Prepare the MPI container¶
We will need an image that provides the MPI runtime and tools along with an OpenSSH server so that multiple
containers can be linked together and used via mpirun
.
For ease of use , we are using a image including all that from this repo: https://github.com/oweidner/docker.openmpi
Prepare the Cluster¶
In order to have docker containers to communicate with MPI, we need first to setup a virtual cluster of docker containers. (swarm) That resides inside the SLURM
#!/bin/bash -l
###############################
#SBATCH --job-name=swarm
#SBATCH --output=swarm.%j.out
#SBATCH --error=swarm.%j.err
#SBATCH --ntasks=2
#SBATCH --nodes=2
#SBATCH --ntasks-per-node=1
#SBATCH --time=00:30:00
#SBATCH --account=testproj
#SBATCH --partition=el7fat
#SBATCH --exclusive
###############################
MANAGER=$(hostname)
MANAGER_IP=$(hostname -i)
SERVICE_NAME=mpi
SERVICE_NETWORK=mpi-network
ssh fat44 hostname
ssh fat43 hostname
#scontrol show hostname $SLUMR_NODELIST > workers #hostnames
WORKERS=$(echo $SLURM_NODELIST | cut -d "," -f 1 --complement)

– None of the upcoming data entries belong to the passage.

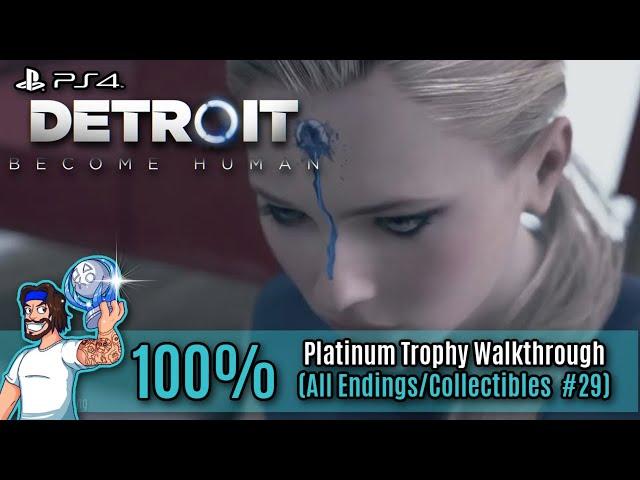 Detroit Become Human Walkthrough - 100% Platinum Trophy Walkthrough - Part 29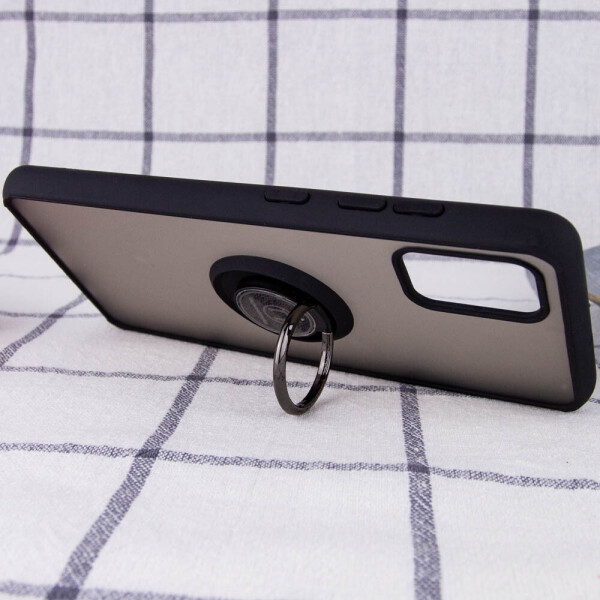 TPU+PC чехол Deen ColorEdgingRing под магнитный держатель для Samsung Galaxy A31 Черный
TPU+PC чехол Deen ColorEdgingRing под магнитный держатель для Samsung Galaxy A31 Черный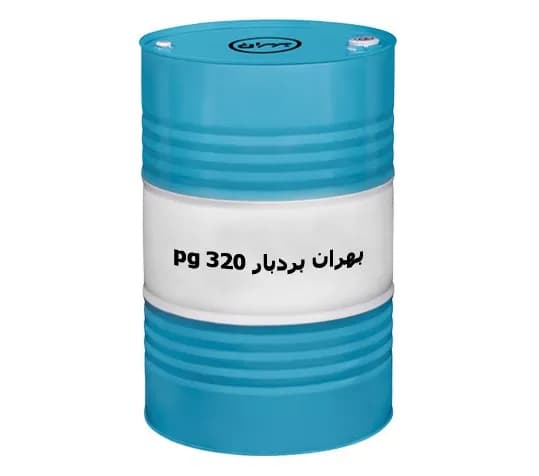 روغن دنده صنعتی بهران بردبار PG 320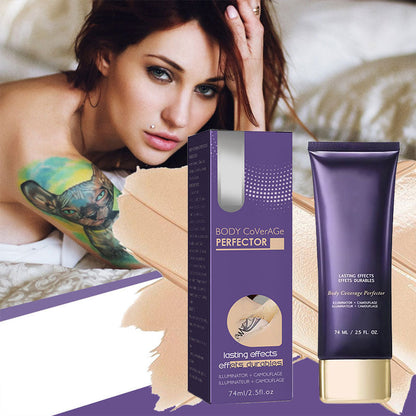 🔥LAST DAY SALE 50% OFF!!✨Body Coverage Perfector – Waterproof, lightweight & flawless body makeup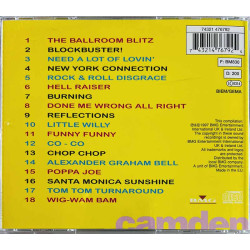 Sweet CD The best of Sweet  kansi EX levy EX Käytetty CD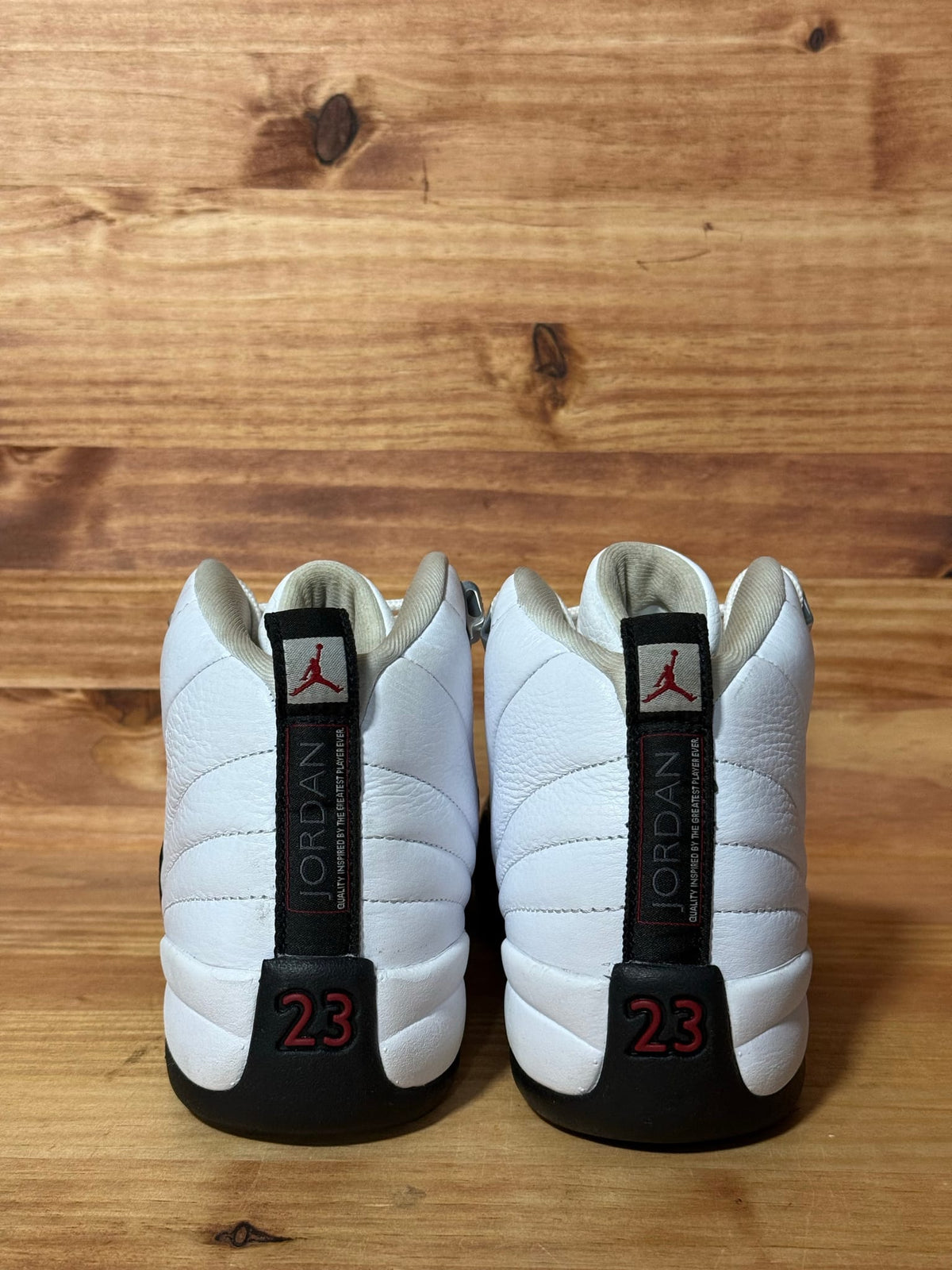 Jordan 12 Retro Taxi Flip (GS) - Size 6Y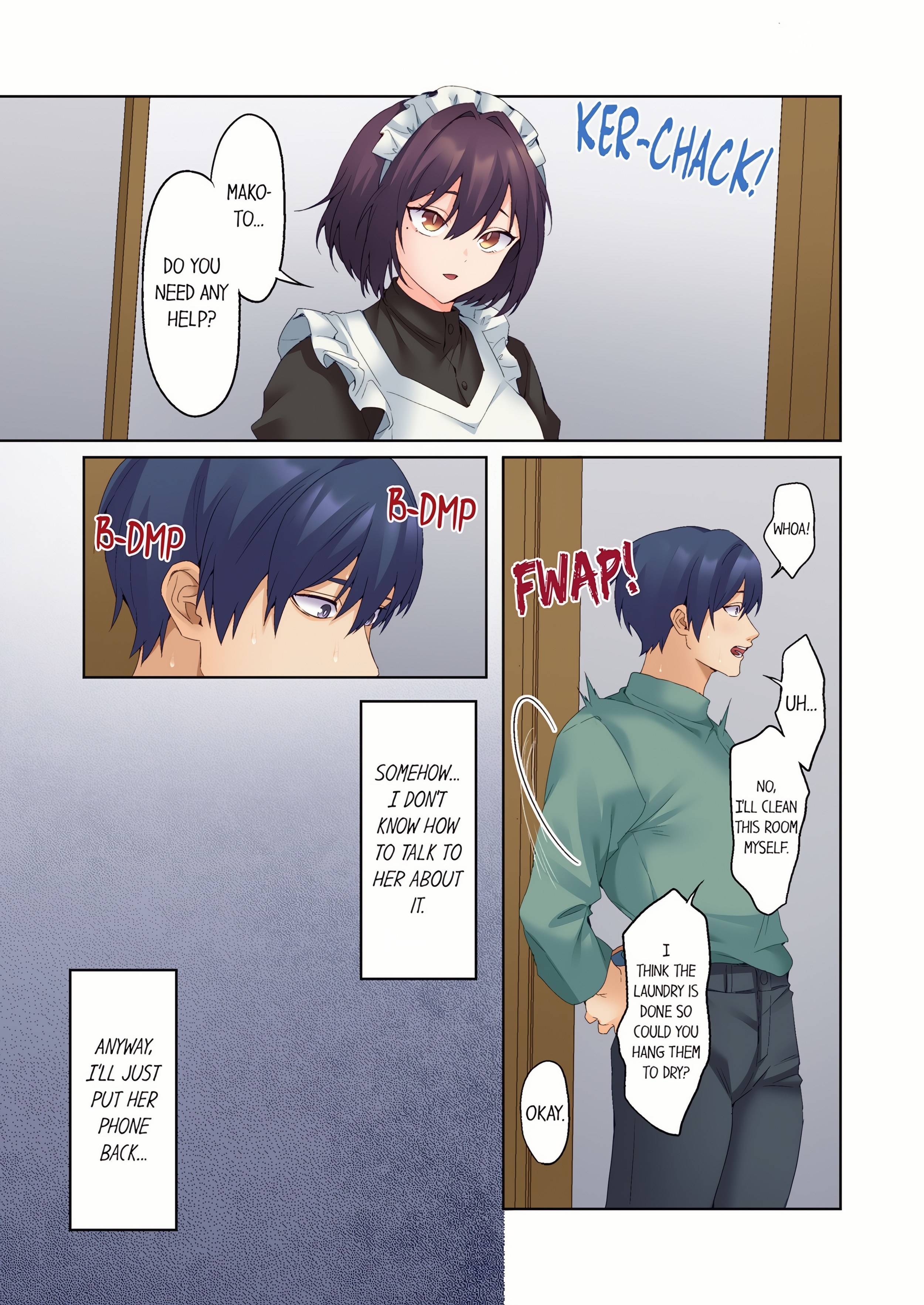 The Quiet Girl’s Erogenous Zone – She Doesn’t Moan, but Her Body is Honest, She is Wet Page 6 - MangaHe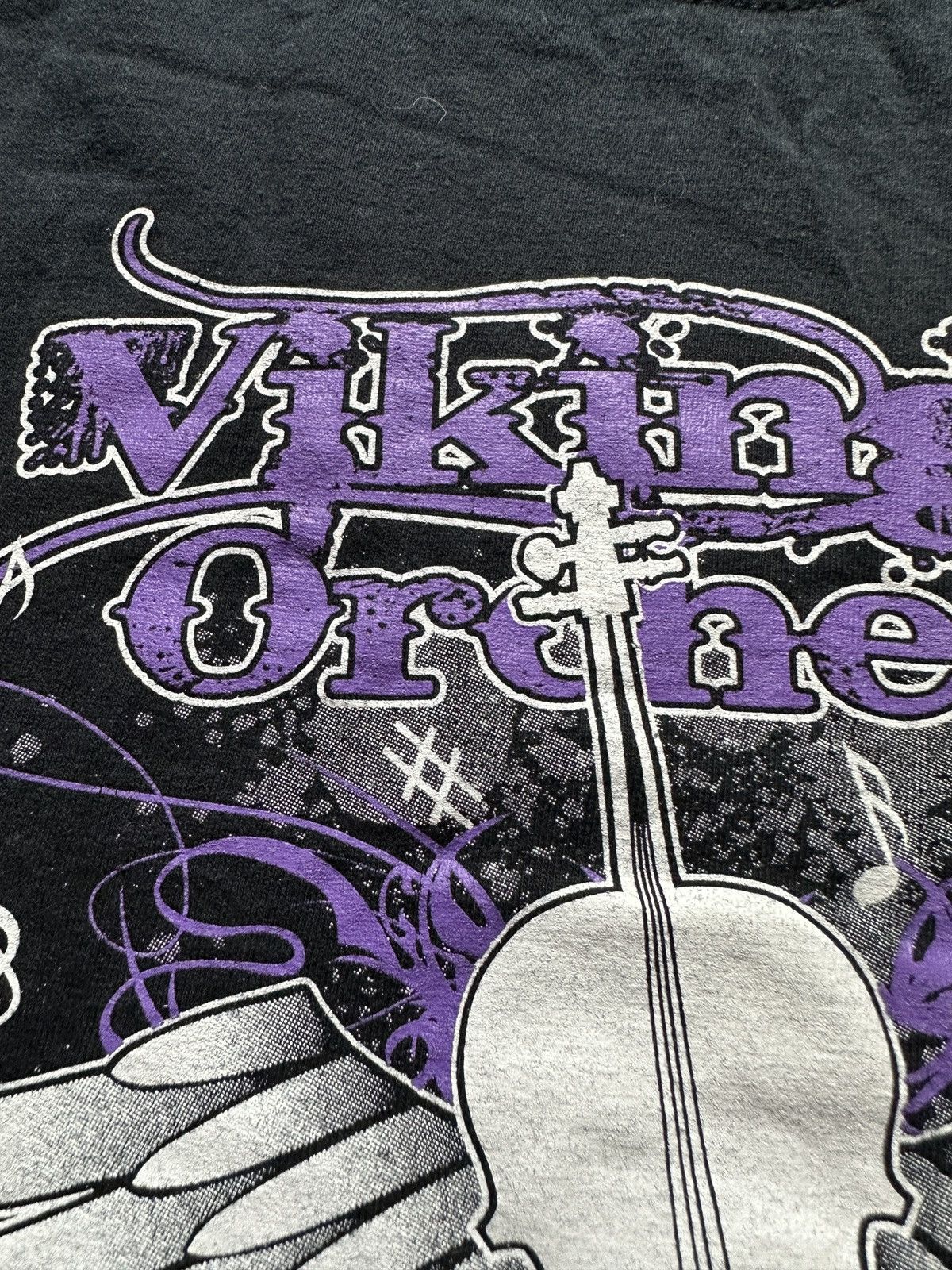 Vintage Vintage Y2K Viking Orchestra Graphic Tee Size US L / EU 52-54 / 3 - 3 Thumbnail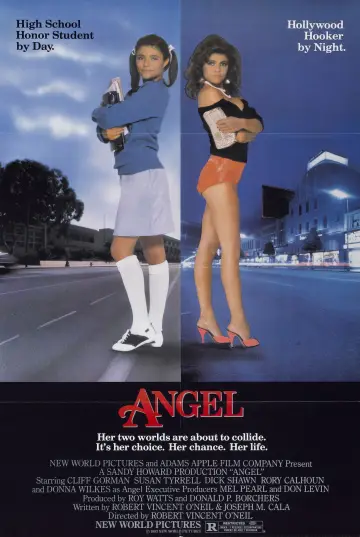 Poster to the movie "Angel" #1032059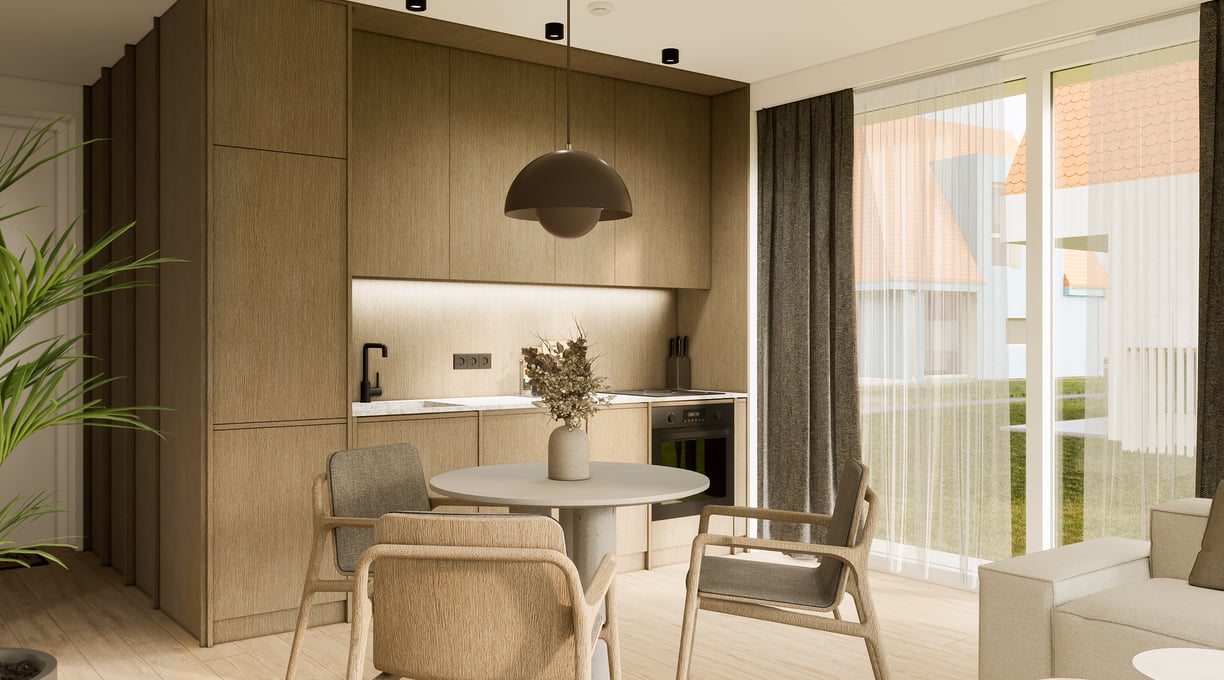 Interjeras, gyvenamasis namas, privatus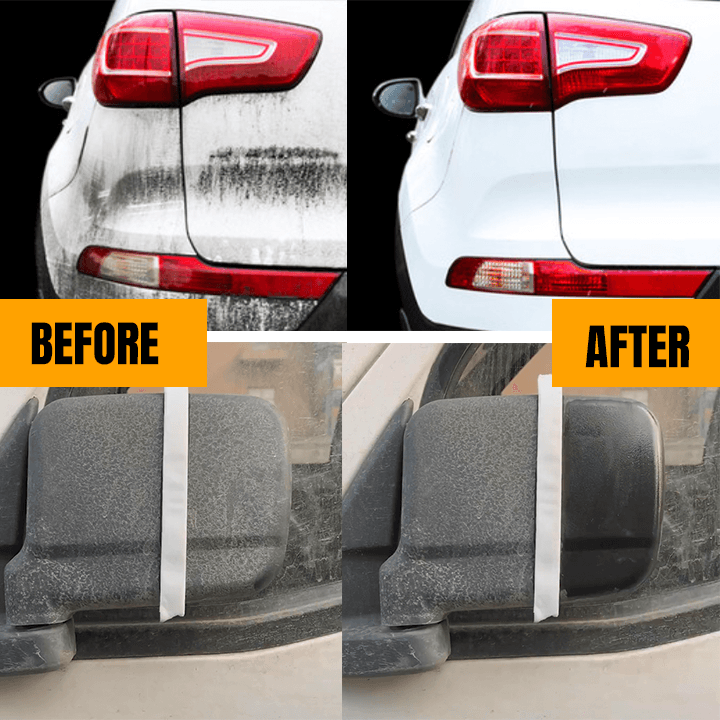 Car Plastic & Trim Restorer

#NWORKERS="$("$SLURM_NNODES"-1)"
echo $WORKERS
echo $NWORKERS
echo "Creating new SWARM cluster"
#docker swarm init --advertise-addr $MANAGER_IP --force-new-cluster
docker swarm init --advertise-addr $MANAGER_IP
echo "Node $MANAGER inits swarm and becomes a Manager"
sleep 10 #wait for cluster initialization
echo "Creating an overlay network"
docker network create --driver overlay --subnet 172.32.0.0/24 $SERVICE_NETWORK
sleep 5 #wait for network initialization
MANAGER_TOKEN=$(docker swarm join-token manager | grep token | awk '{print $5 }')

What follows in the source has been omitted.